La consola Philips era el mueble más elegante que había en la sala de mi abuela. Puedo recordarlo por la fascinación que me provocara su doble función. Podía escucharse el pequeño disco de 45 revoluciones con la última canción de Julio Iglesias y también sintonizar la radio.
El martes 11 de septiembre de 1973 esa consola me proporcionó la primera memoria política de mi vida. Tenía solo cinco años y sin embargo alcancé a comprender que algo terrible estaba pasando en un país remoto llamado Chile.
No recuerdo que hubiera adultos a mi alrededor y sin embargo los habrá habido, porque de otro modo no me explico que un hecho tan remoto me haya parecido tan próximo.
Por alguna de las estaciones de la época se transmitió en tiempo real el último discurso de Salvador Allende. Lo busqué ayer en la red y sus palabras se parecen mucho a las que conservó mi cerebro: “tengo la certeza de que mi sacrificio no será en vano. Tengo la certeza de que, por lo menos, habrá una lección moral que castigará la felonía, la cobardía y la traición”.

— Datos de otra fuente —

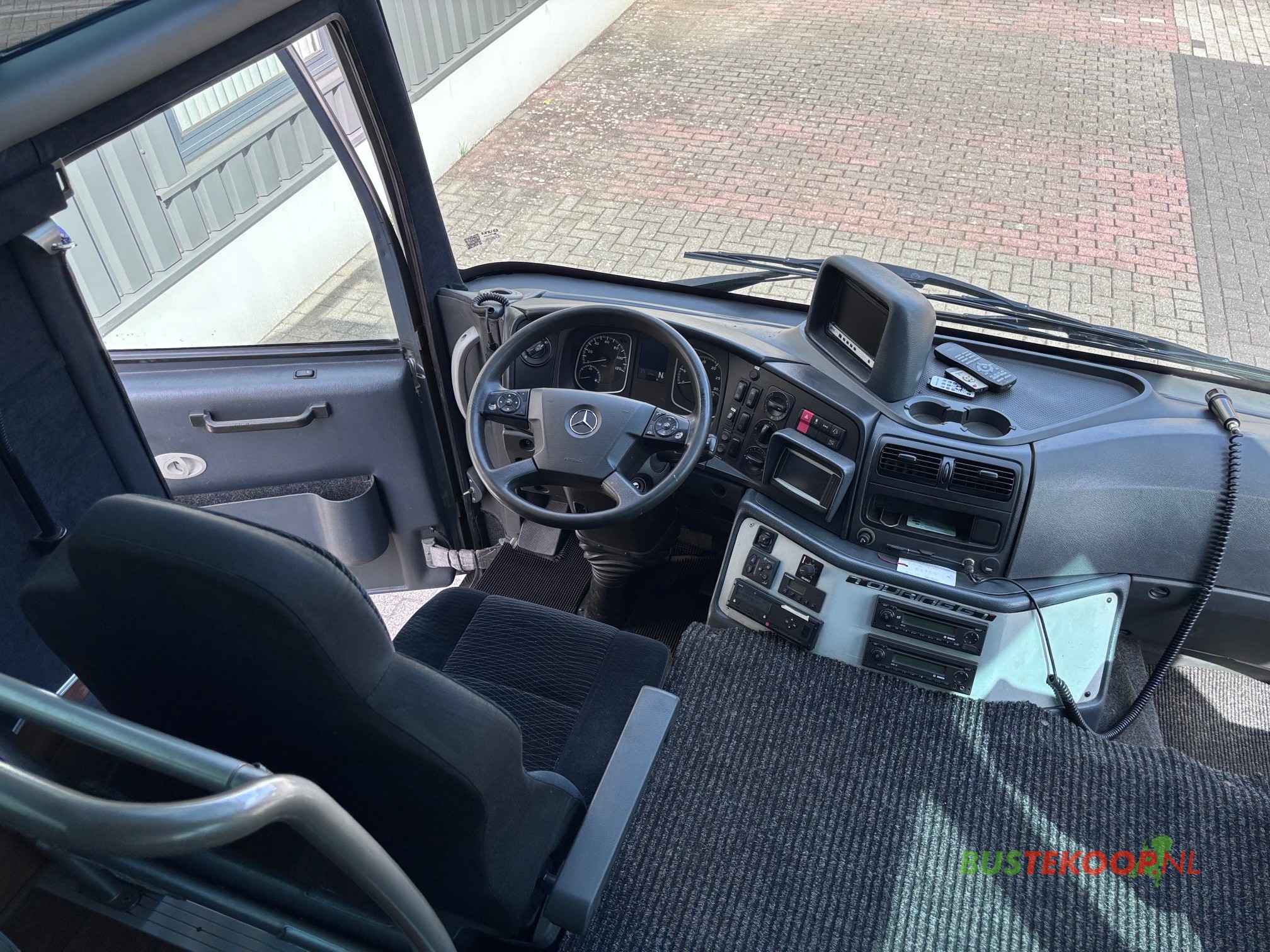 Mercedes ATEGO 1530 Touring GT / UNVI - Afbeelding 17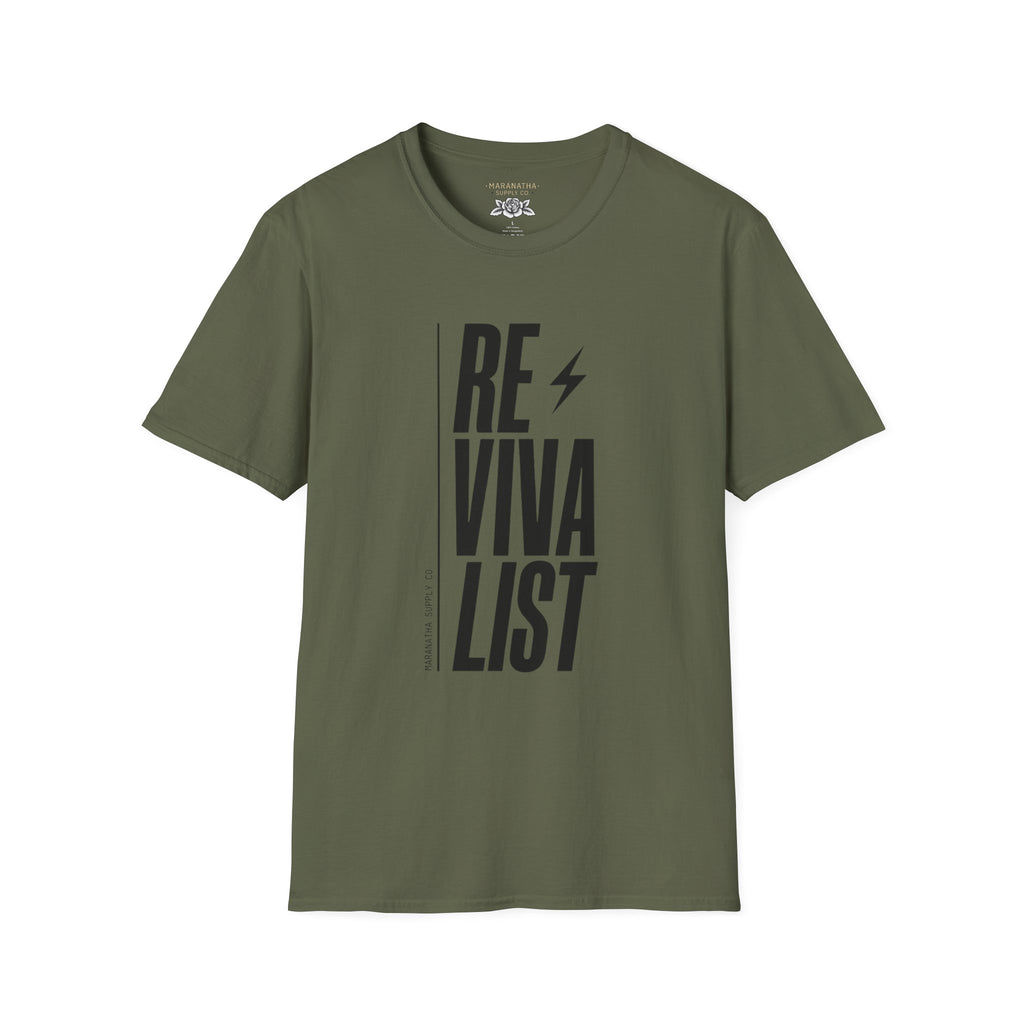 Revivalist vertical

Minutos más tarde, informaron sobre un ataque aéreo contra un lugar llamado el Palacio de la Moneda. Alguien debió haberme explicado que era como el Palacio Nacional, por lo que me imaginé a ese señor asomado al balcón, ondeando una bandera, mientras caían bombas sobre su cabeza.
Después nos íbamos a enterar de que Allende se había quitado la vida. Chile y el golpe de 1973 fundaron en mí algo parecido a lo que pronunció el líder de la Unidad Popular aquel martes fatídico: una idea moral de la política que, a pesar de cobardes, traidores y ladrones, también tiene un lugar en la historia.

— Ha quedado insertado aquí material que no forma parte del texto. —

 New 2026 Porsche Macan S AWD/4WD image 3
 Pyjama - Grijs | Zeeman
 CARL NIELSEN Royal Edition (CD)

Hace un mes estuve en Santiago de Chile y crucé frente al Palacio de la Moneda. El edificio es similar al que construí en mi cabeza hace ya medio siglo.
En sus alrededores hallé los muros tachonados por los grafitis recién dibujados y visité una sociedad que continúa sin poder reconciliar sus extremos. Hay quien hoy disputa con frivolidad la verdad sobre la tragedia de una generación que, después de Allende, quedó marcada por siempre.
Zoom: “La vida sigue igual”. Así se llamaba la canción de Julio Iglesias que me aprendí de tanto repetir el disco de la abuela. “Al final las obras quedan, las gentes se van”, rezaba el estribillo.